= WORK TO BE COMPLETED =
Here is the task for the records below: repeat exactly the lines from the one with "Honda CBR - 6" to the one with "孟非晒年轻帅照 头发都去哪儿了?", both included, and nothing else.

= PROVIDED DATA =
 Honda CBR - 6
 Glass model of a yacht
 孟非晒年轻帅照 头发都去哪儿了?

==

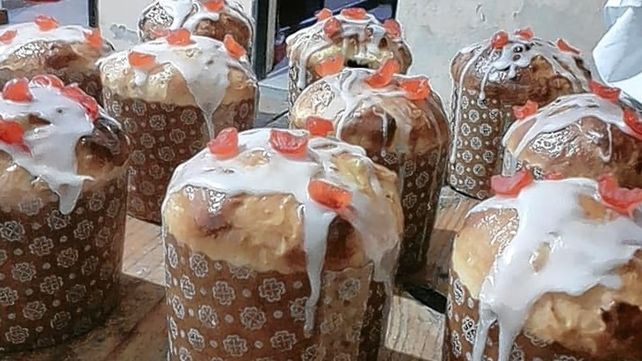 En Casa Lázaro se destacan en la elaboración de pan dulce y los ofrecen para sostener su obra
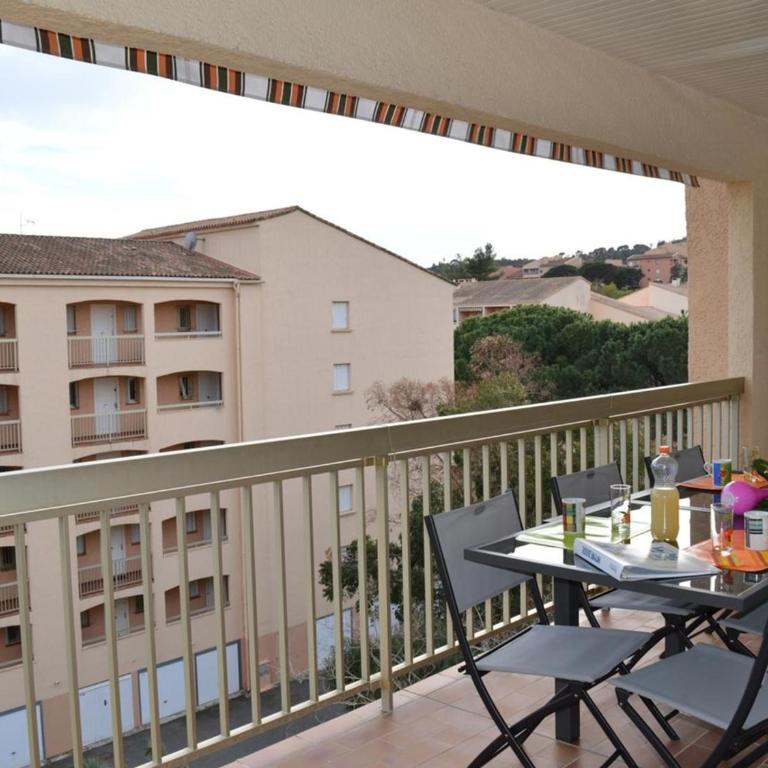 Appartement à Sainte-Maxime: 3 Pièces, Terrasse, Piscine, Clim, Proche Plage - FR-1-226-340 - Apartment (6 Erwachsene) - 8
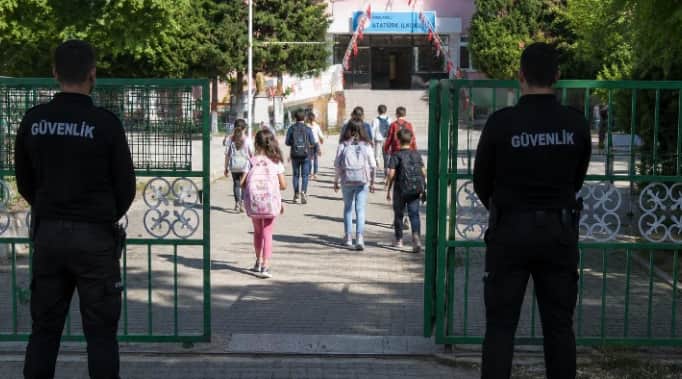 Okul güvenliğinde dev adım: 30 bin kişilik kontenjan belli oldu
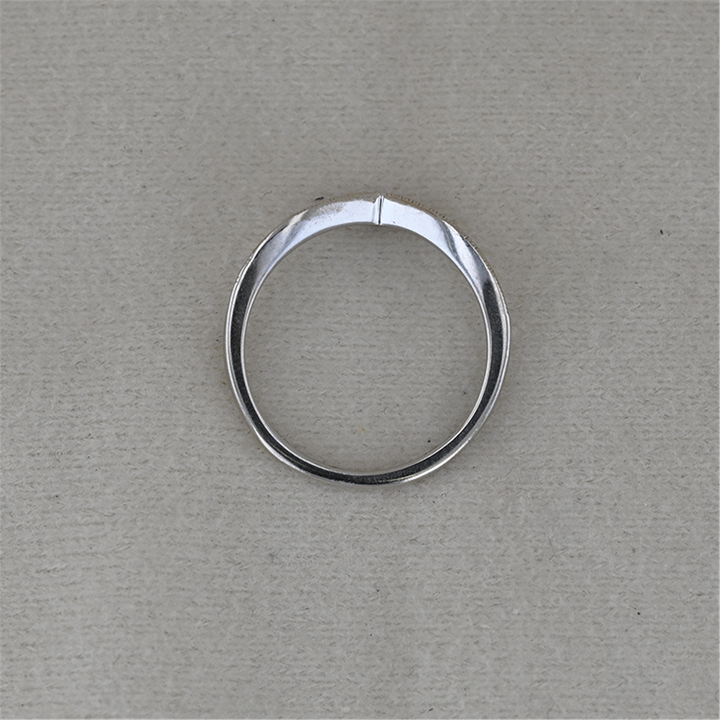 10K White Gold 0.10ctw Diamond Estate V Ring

= EXERCISE RESULT =
 Honda CBR - 6
 Glass model of a yacht
 孟非晒年轻帅照 头发都去哪儿了?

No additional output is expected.